具志堅さん(ガマフヤー代表:沖縄の言葉では、ガマを掘る人の意味)は沖縄戦激戦地のガマ(壕)から遺骨を収集し始めて約40年。

沖縄では、戦争は終わっていると言われても、実態は違うのである。沖縄では、いたるところで遺骨が発掘されている。

遺骨のみならず、手榴弾や不発弾がいまも掘り起こされている。具志堅さんがボランティアとして関わった遺骨収集は、ホームレスの失業対策として行われた。この戦争では、軍人よりも、巻き込まれた住民の犠牲者がきわめて多かった。
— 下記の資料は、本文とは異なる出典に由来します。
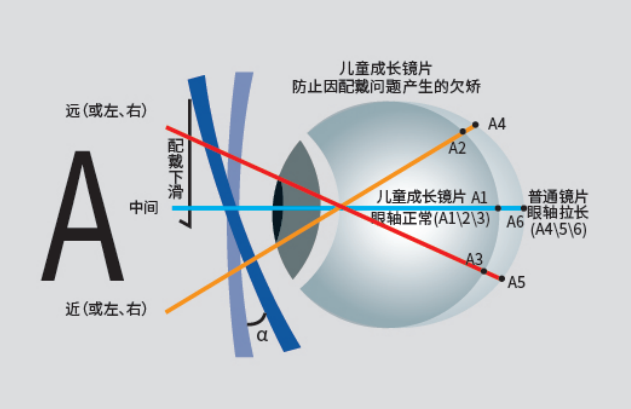 Ҋ(jin)ǌ(du)Q(chng)xR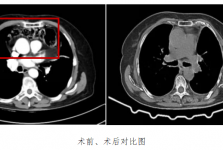 术业求精 共庆十年 | 我院胸外科成功救治一例罕见心包内膈疝患者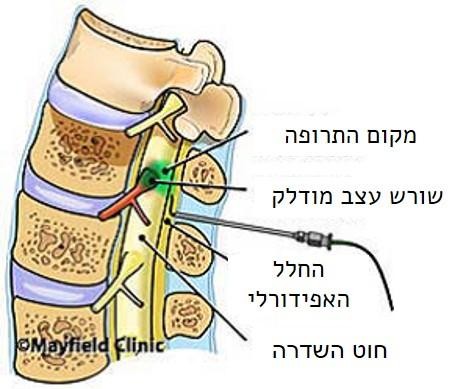epidural heb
欧米戦でよくみられる塹壕(上空からの攻撃をかわすもの)に当たるものは、タコつぼと呼ばれるものである。

ここの発掘では、実に様々なことが読み取られた。

タコつぼは、実に狭い空間である。戦況が悪化してきたせいであろうか、軍からの命令は降参したり、捕虜になったりせず、自ら自死せよ(天皇陛下のために命を捧げよ)というものであった。だから、手榴弾で自殺した跡がうかがえた。また、このタコつぼを利用して、仲間の手で死者を仮埋葬した跡もうかがえる。
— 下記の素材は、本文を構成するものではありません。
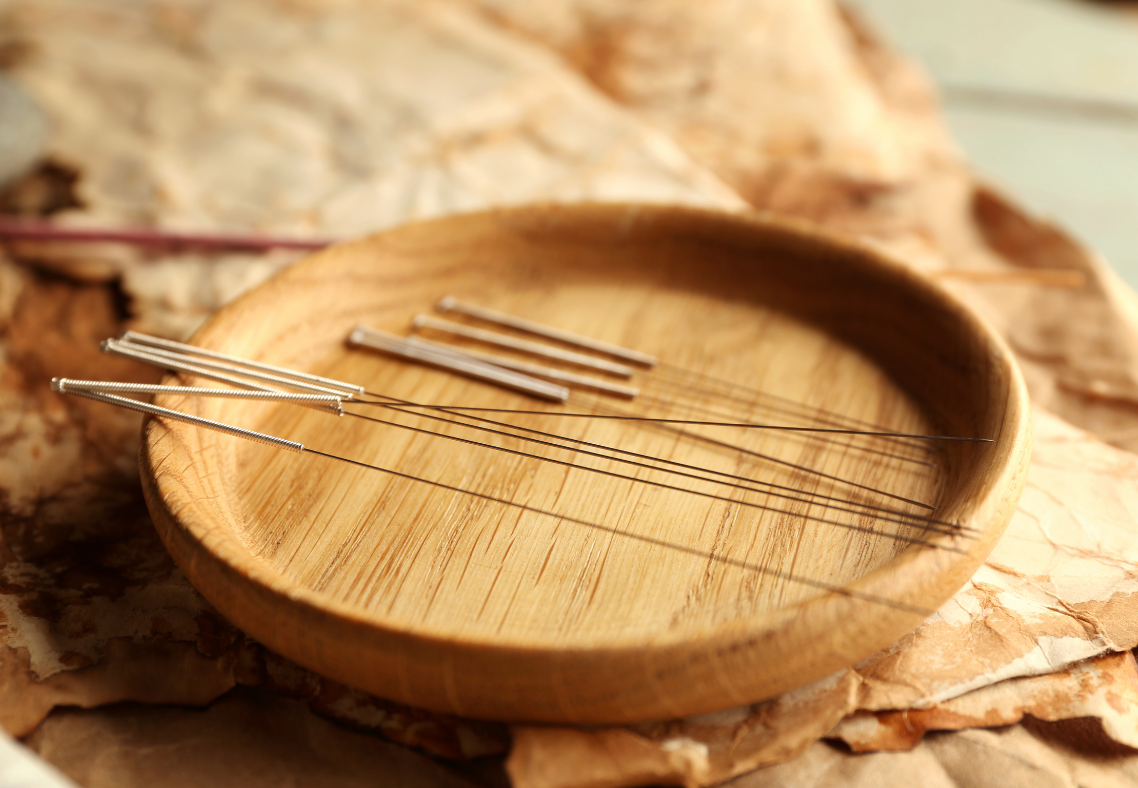 2 How Acupuncture Can Help a Person’s Cardiovascular System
毎日新聞4月28日の記事、「沖縄ー交差するまなざし」によると、具志堅さんは歯科材料の修理の仕事についていたため、歯の周囲や頭蓋骨の構造には詳しい。しかしこのボランティアのため、更に詳しく人骨について学んだとのこと。そして、手榴弾などを扱う「火薬類取扱保安責任者」「毒物劇物取扱責任者」などの資格も取得した。

40年掘り続けて得た教訓は、

遺骨は単なるモノではない、「物言わぬ証言者」として戦争の実相を感じさせる存在だと言う。

 

 

  

   遺骨収集の様子

 

   

    収集中の具志堅さん

 

首里を拠点とした日本軍は、軍民混在の状態で、南部摩部仁へ移動している。その際には、日本本土の決戦を遅らせるため牛島満司令官が、「残存する兵力と足腰の立つ島民とをもって、最後まで戦い続ける」と述べている。あくまでも住民を盾にすることに「ためらい」がなかったようだ。

 

映画の中にもあったが、1月に「魂魄の塔」前で開かれた「戦没者遺骨の尊厳を守る集会」で具志堅さんは「沖縄を、二度と戦場にさせてはならない」とマイクを握り訴えた。
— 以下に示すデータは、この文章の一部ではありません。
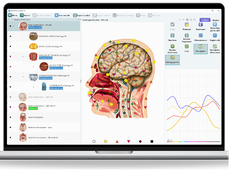 ConCoach: Bio-Photonen-Diagnose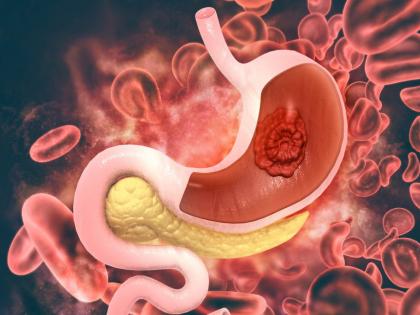 Can Persistent Acidity and Heartburn Be a Sign of Gastric Cancer? | Can Persistent Acidity and Heartburn Be a Sign of Gastric Cancer? Can Persistent Acidity and Heartburn Be a Sign of Gastric Cancer? | Can Persistent Acidity and Heartburn Be a Sign of Gastric Cancer?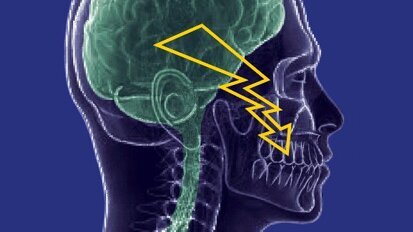 Pesquisadores a desenvolvem tratamento para dor do nervo que afetam os dentes e o rosto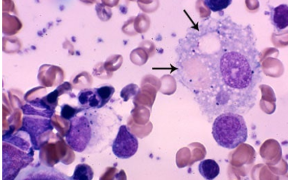 <p>inflammation response</p><p>Phagocytize cell debris, foreign material, and infectious agents</p><p>Secretion of inflammatory cytokines to recruit other inflammatory cells </p>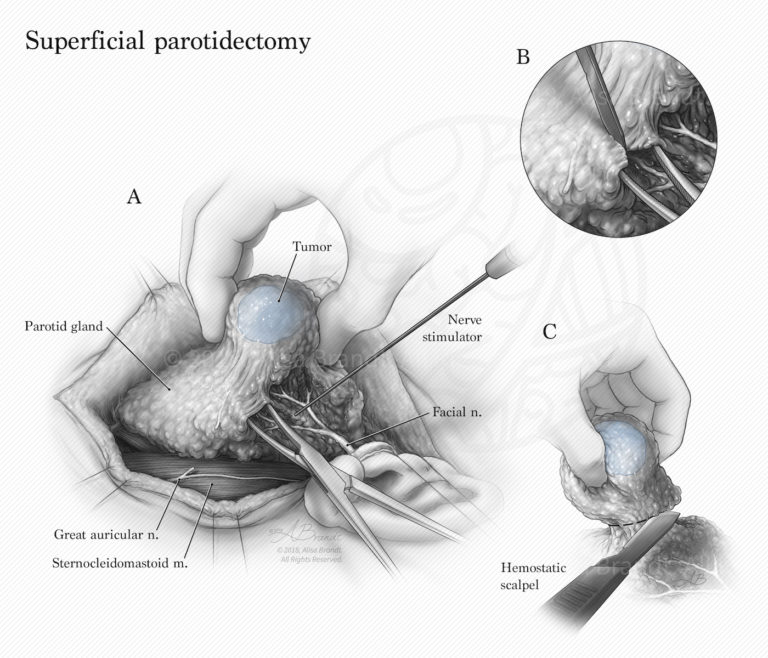 Superficial Parotidectomy – Alisa Brandt's Portfolio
戦争の遺物は、日本軍のものばかりではない。上陸した沖縄には、人力で越えられない高地があったという。その周辺からは、野球の球(靴下を丸めた物)や、ビール・コカコーラの空き瓶が出土している。

沖縄住民が命がけの時、米軍の兵士はこんなにも余裕があったのかと気付かせられるのだ。そういえば、辺野古応援に行った際、米軍兵は9時―5時の勤務だったとのこと聞かされた。(今も普天間や嘉手納の基地内でもそれは変わっていないのです)こんな格差のある戦争でした。

収集作業はホームレスの雇用対策でしたが、募集で参加した人達(55人)の中には、人生に絶望して沖縄に死に場所を求めてきた人達がいたことが、徐々にわかってきました。

しかし、戦争の実相に触れるうちに、遺骨の声なき声を聞くうちに、本当は生きて故郷に帰りたかった人たちではなかったのか?と考えるようになったとのこと。5銭玉や千人針をお守りに、多くの人たちの生きて帰ってきてほしいという願いを身にまっとて果てた人たち・・・・

死ぬことを考えていた人達も、生きることに前向きになったと言います。

 

そうした遺骨が混じっている土砂を、沖縄の人たちの民意を踏みにじった基地建設の埋め立てに使うことを「よし」とするなんて・・・・

今は、かつてのように「一切の戦争批判が出来なかった時代」ではない。こうした土地の土砂を採掘することは許されないのです。

会場前部のテーブル上には、遺骨を処理した残りの土砂が展示されていました。その中からも、極小の骨片が見られるとのこと。私には区別がつけられませんでした。そうしているうちにも、土砂の中の遺骨の劣化が進んでいるのだと言う。

遺骨が出ることがわかっていても、人々はそこで暮らしてきたのだ。沖縄人以外の人々は、それを野ざらしと批判したという。遅ればせながら、日本政府は遺骨調査団が沖縄に来て、住民に感謝状を贈ったという。

 

具志堅さんは言いました。沖縄戦では、多くの北海道人が犠牲になっているのだから、北海道人は、戦争に反対する権利があると!!

台湾有事などは作りだしたものであって、戦争を前提とした沖縄での自衛隊基地づくりなどには断固反対すべき。シェルターとか、住民避難とか、戦争を前提とした間違ったサインはいらない。

 

とはいってもこのような事態に巻き込まれている沖縄なのです。冒頭に紹介した北海道も、他にも先住民族アイヌ人骨放置問題があります。ウポポイ(民族強制象徴空間:白老町)の中にある国立アイヌ民族博物館に安置されている遺骨の一部が、この度返還されると言うニュースがありました。尊厳がないがしろにされてきたということが共通点でした。少しでも我が事として、沖縄の人たちと連携したいです。